Mayor Alex Case added that the amount the city gives to the chamber depends on revenues from its hotel/motel tax. He said with the Dade County Commission initiating its own new accommodation tax, and the C of C named as the designated RVIC (regional visitors information center) for both entities, defining the function of the chamber will become doubly important.
Commissioner Wooten (right) said chamber board members had not made much of an appearance at last week's July 4 celebration, though that was officially a chamber event. "It basically consists of two or three people doing everything," she said.
"What can we do to help fix this?" asked Police Commissioner Sandra Gray.
Maybe, said the mayor, the president of the chamber board can meet with the commissioners to discuss the issue. The president, it was ascertained, is Steven Ryan.

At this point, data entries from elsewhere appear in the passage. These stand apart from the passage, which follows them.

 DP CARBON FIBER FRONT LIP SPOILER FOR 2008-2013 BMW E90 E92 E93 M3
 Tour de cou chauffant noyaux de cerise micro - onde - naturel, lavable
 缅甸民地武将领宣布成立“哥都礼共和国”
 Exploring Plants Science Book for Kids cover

The Dade County Chamber of Commerce is, according to its website, "a voluntary organization of businesses, civic organizations, and government entities have [sic] joined together to promote the civic and commercial progress of the community." Its revenues come from local governments and from selling memberships to local businesses and civic groups. It cosponsors with other organizations community activities such as the popular Halloween Alley and Christmas parade as well as events to benefit its members, such as a yearly golf tournament. It is governed by a volunteer board recruited from membership.

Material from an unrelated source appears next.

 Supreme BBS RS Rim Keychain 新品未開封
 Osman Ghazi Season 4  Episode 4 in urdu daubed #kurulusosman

But back to the July 9 city commission meeting. Routine business was, again, light. The commission voted to designate as surplus a K-9 officer kennel--"It's outdated; we don't use it anymore," said Commissioner Gray--and give it to the K-9 handlers in Catoosa County. Mayor Case clarified that Catoosa County had recently surplussed flat-bottomed boats and gifted them to Trenton. "We're going to return the favor," he said.
On that subject, Commissioner Wooten, an animal welfare activist, asked if Trenton's K-9 officer had a bulletproof vest. "We're working on it," said Commissioner Gray.
And Mayor Case took the opportunity to brag how the city and county K-9 handlers had worked together to figure out and fix a problem with the "hot pop" button on two identical, newer kennels, which is meant to ensure the safety of dogs in overheating situations. "They've been working very hard to keep the dogs comfortable," said Case.
And on the subject of dog comfort, Commissioner Gray added that Ivo, the Trenton PD dog, had been bitten by a spider and had ailed briefly but had recovered nicely and was now back to 100 percent.
Mayor Case described a couple of road crises that needed fixes pronto: LaFayette Street, near the intersection of highways 11 and 136 East, had developed a soft spot and the city, in repairing it, had cut the sensors laid under the pavement. "That's why the light's so short at the top of the hill by Pizza Hut," said Case. "It thinks there's a car on LaFayette Street every time it changes."
GDOT (the Georgia Department of Transportation, which installed the sensors) had contacted the city about the problem, said Case, making it clear it was the city's responsibility. "We've got to fix it no matter what," he said.
Another headache was a chronic mud puddle near Huddle House where drainage was inadequate. Trenton would have to use part of its LMIG (local maintenance and improvement grant) money as well as SPLOST (special purpose local option sales tax) funds to fix that one, said Case.
The mayor also brought up ongoing concerns about the Scout building in Jenkins Park, where an outdated heating system generated budget-busting electric bills last winter. "We've got to get something better in there," he said.
The Trenton City Commission meets at 6 p.m. on the second Monday of the month at City Hall. The next meeting is on Aug. 13.